The limits on deducting long-term-care premiums are higher in 2020:
- 71 or older: can deduct up to $5,430 per person ($5,270 for 2019).
- 61 to 70: can deduct up to $4,350 ($4,220 for 2019).
- 51 to 60: can deduct up to $1,630 ($1,580 for 2019).
- 41 to 50: can deduct up to $810 ($790 for 2019).
- 40 and younger: can deduct up to $430 ($420 for 2019).
Alternative Minimum Tax (AMT)
AMT exemptions increased for 2020.
- From $111,700 to $113,400 for married couples
- From $71,700 to $72,900 for single filers and heads of household.
The phaseout range for the exemptions start at higher income levels:
- $1,036,800 for married couples ($1,020,600 for 2019)
- $518,400 for singles and household heads ( $510,300 for 2019).
The 28% AMT tax rate kicks in higher in 2020, above $197,900 of alternative minimum taxable income. The rate applied to AMTI over $194,800 for 2019.
20% Deduction for Pass-Through Income
A key dollar threshold on the 20% deduction for pass-through income was increased for 2020.
- Self-employed people and owners of LLCs, S corporations and other pass-through entities can deduct 20% of their qualified business income, subject to limitations for individuals with taxable incomes in excess of $326,600 for joint filers and $163,300 for others ($321,400 and $160,700, respectively, for 2019).
2020 IRS Late-Filing Penalties
The fine for filing late returns is higher for returns with post-2019 due dates. The minimum penalty for returns filed 60 or more days after the due date is now the lesser of $435 (up from $215) or 100% of the required tax shown on the return.
HSAs, FSAs and HRAs
2020 annual cap on deductible contributions to health savings accounts (HSAs):
- Self-only coverage:: $3,550
- Family coverage: $7,100
- If you’re 55 or older by Dec. 31 you can put in an extra $1,000.
- Qualifying insurance policies must limit out-of-pocket costs in 2020 to $13,800 for family health plans ($13,500 in 2019) and $6,900 for people with individual coverage ($6,750 in 2019).
- Minimum policy deductibles increase in 2020 to $2,800 for families and $1,400 for individuals.
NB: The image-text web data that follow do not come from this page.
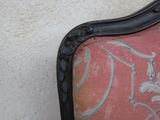 a black frame with a picture of a cat on it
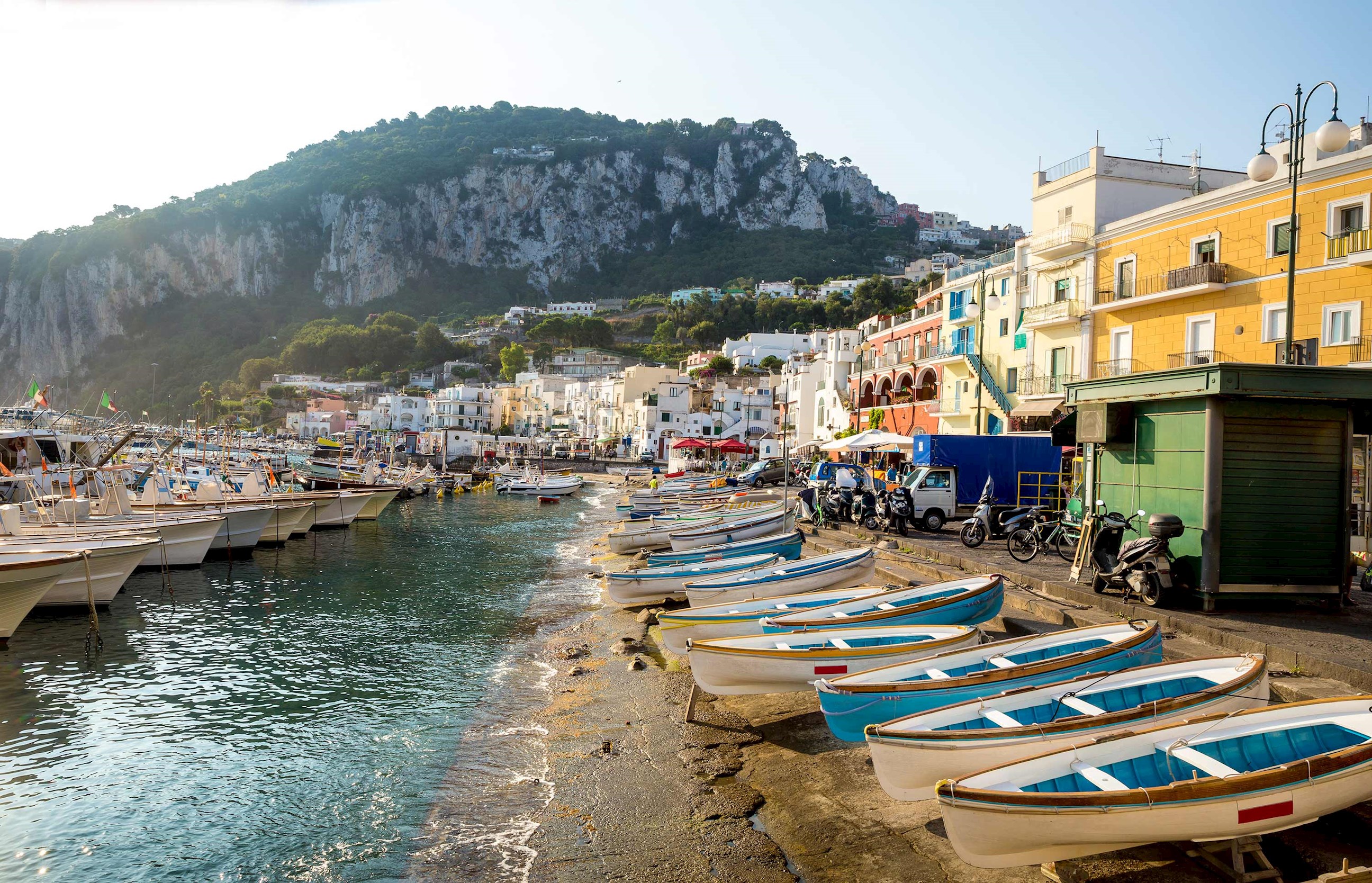 External view of a coastal harbour with small boats and colourful buildings in Naples, Italy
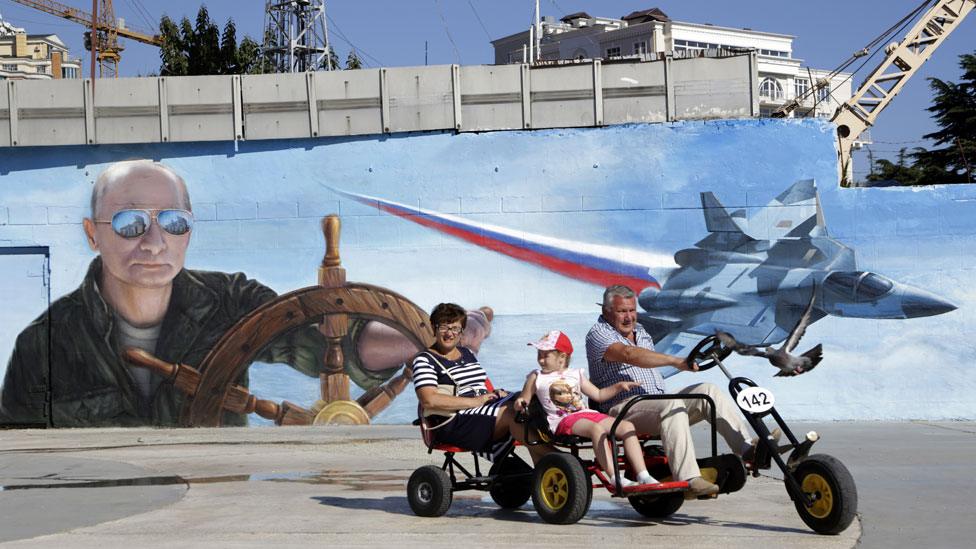 People pass a mural of Putin at the wheel of a ship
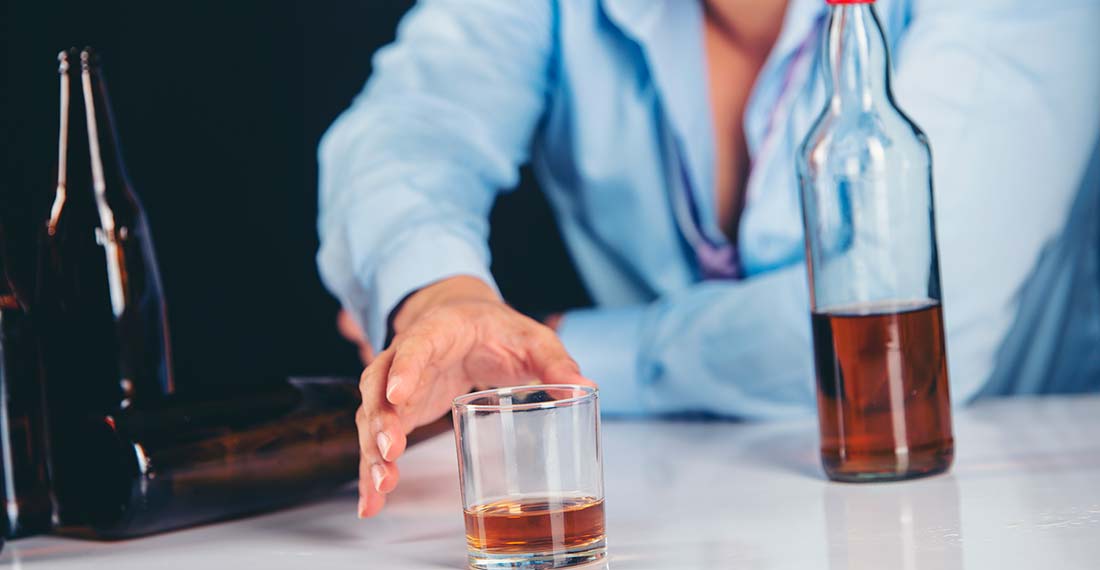 мужчина тянет руку к стакану с алкоголем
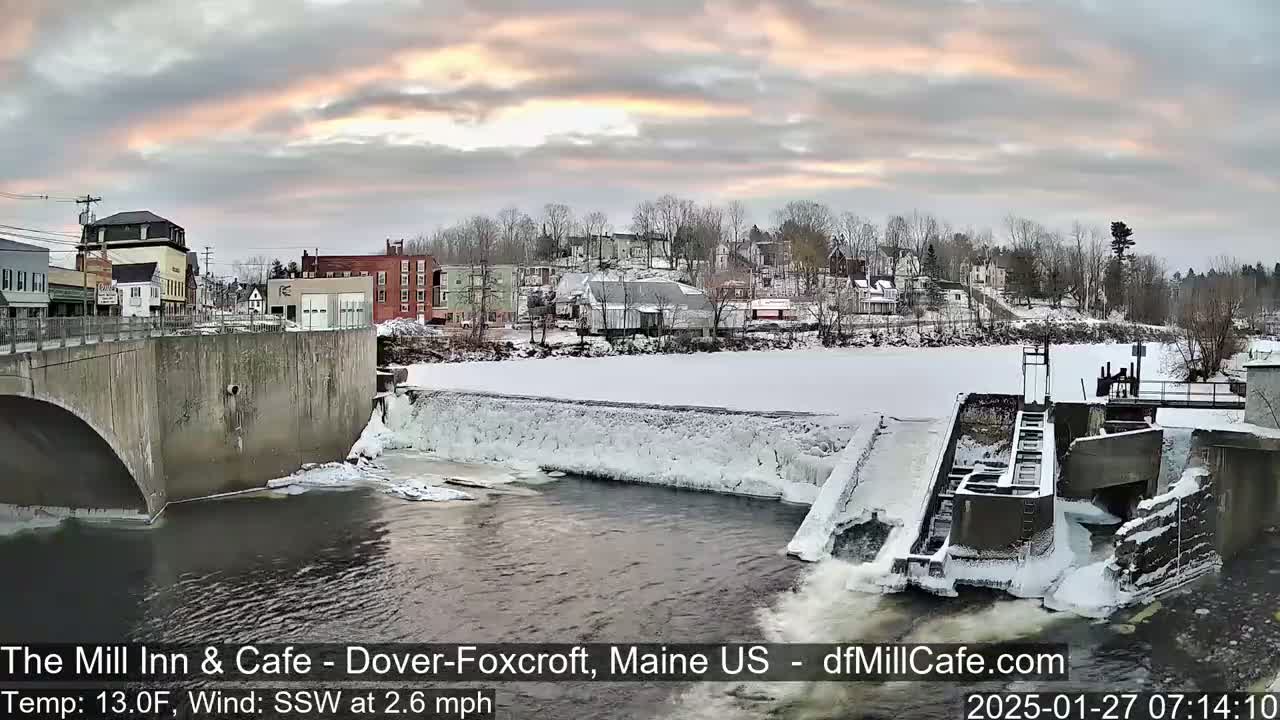 A partially frozen river flows under a bridge past a dam in a snow-covered town during a sunrise with a temperature of 13 degrees Fahrenheit and a south-southwest wind.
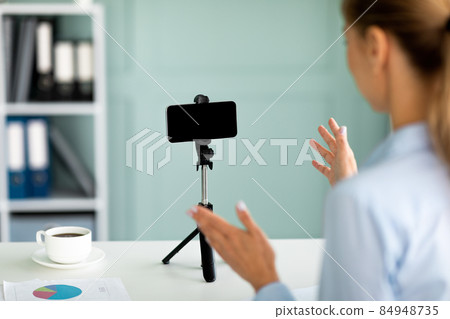 Young business blogger recording video on cellphone, talking to mobile phone with blank screen on tripod Young business blogger recording video on cellphone, talking to mobile phone with blank screen on tripod 84948735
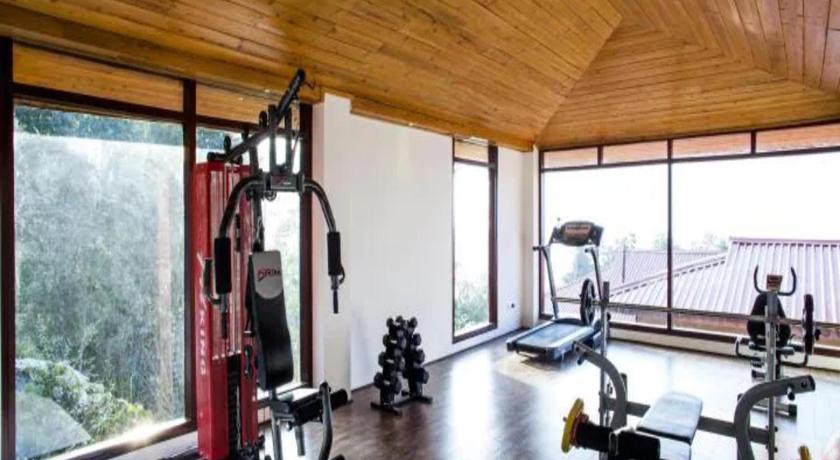 a room with a bike rack and a large window, The Chumbi Mountain Retreat Resort and Spa in Pelling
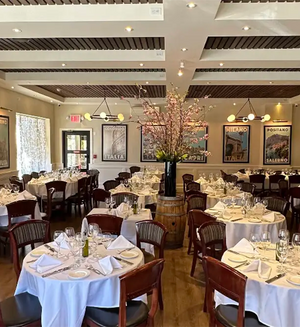 Elegant dining room of Sergio's de Pelham with white tablecloths and framed vintage Italian travel posters by Alecse displayed on the walls.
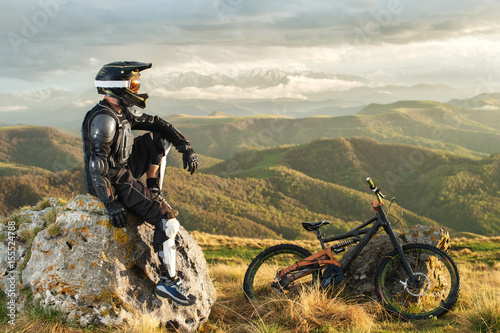 Fotomural A professional downhill rider sits on a stone resting after a tense race on a mt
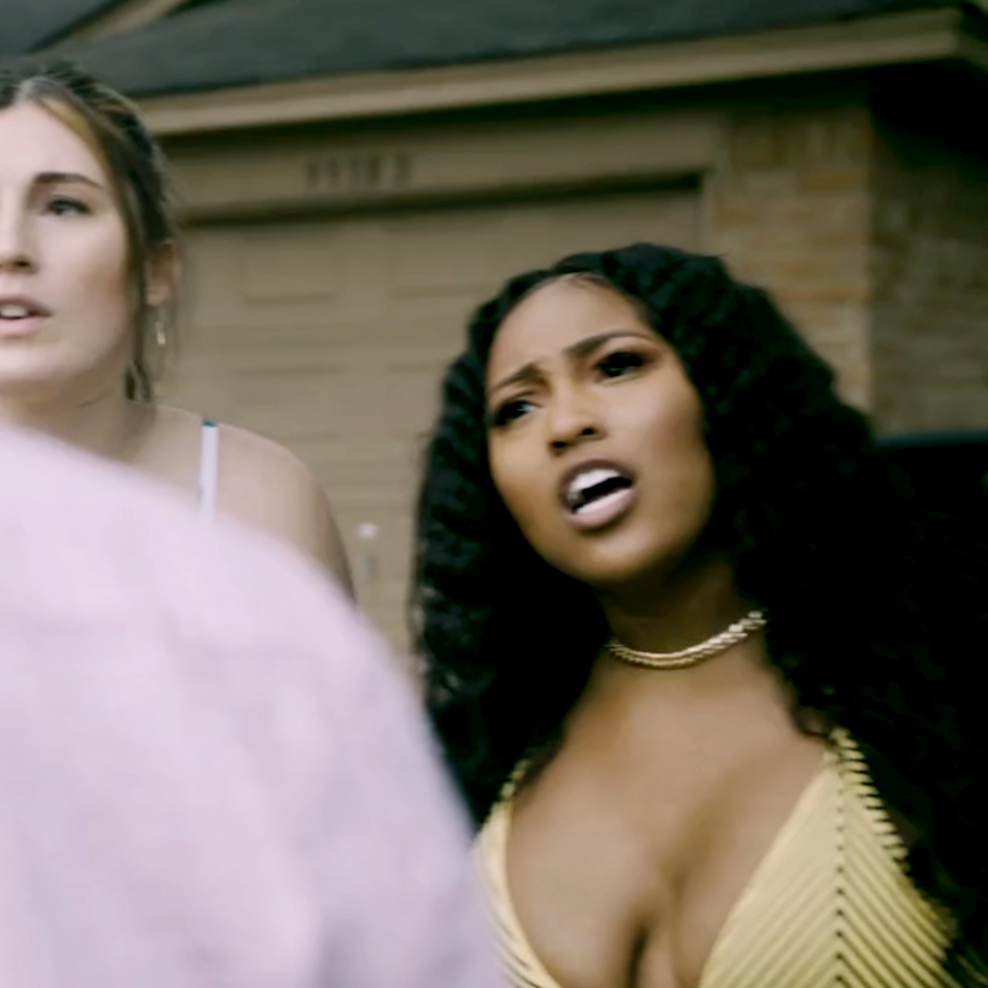 Two women having a conversation outdoors in front of a brick house; one woman with curly hair and a yellow top appears upset or confused, while the other with light hair looks on.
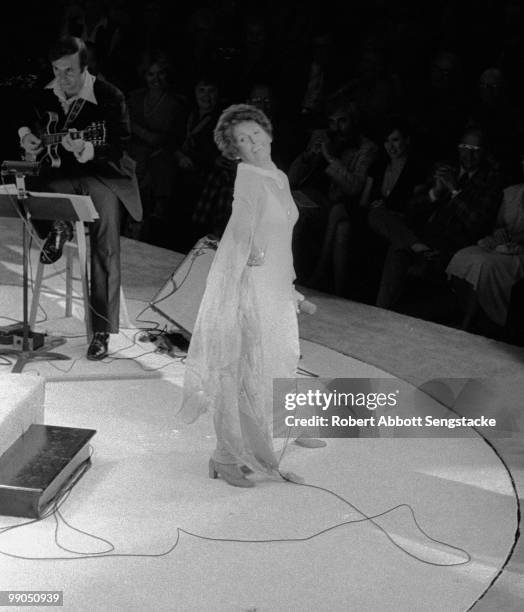 African American singer Lena Horne , performs on stage at The London House, a jazz club and restaurant located at the corner of Michigan Avenue and...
The IRS also announced that anyone with a high-deductible health plan that covers medical expenses related to COVID-19 before plan deductibles have been met can still contribute to an HSA. This includes coverage for the panel of diagnostic testing for influenza A and B, norovirus and other coronaviruses, and respiratory syncytial virus, and any items or services required by law to be covered with zero cost sharing. t also included telehealth and other remote care services.
In addition, beginning in 2020, funds from HSAs, health flexible spending arrangements (FSAs), and health reimbursement arrangements (HRAs) can be used to buy over-the-counter medicines without the need of a doctor's prescription, as well as menstrual care products.
Employees can also make mid-year changes to their health and dependent care FSAs in 2020, if their employer modifies its FSA plan.
Employers can allow employees to:
- Sign-up or revoke an election to contribute to a health or dependent care FSA for 2020; or
- Increase or decrease the amount contributed in 2020 to a health or dependent care FSA.
Employers also have the option of increasing the carryover amount for 2020 FSAs from $500 to $550. However, this doesn't apply to amounts carried over from 2019 to 2020.
The carryover amount will be adjusted for inflation.
The IRS is also letting employers extend the FSA grace period to incur health or dependent care expenses for the previous year to the end of the 2020.For example, if an employer sponsored a 2019 FSA with a grace period ending on March 15, 2020, it could amend its FSA plan to let workers apply unused 2019 FSA funds to pay for qualifying expenses incurred through December 31, 2020.
However,an employee who had unused amounts from a 2019 health FSA and who is allowed an extension to the end of 2020 to incur expenses generally will not be allowed to contribute to an HSA during the extended period.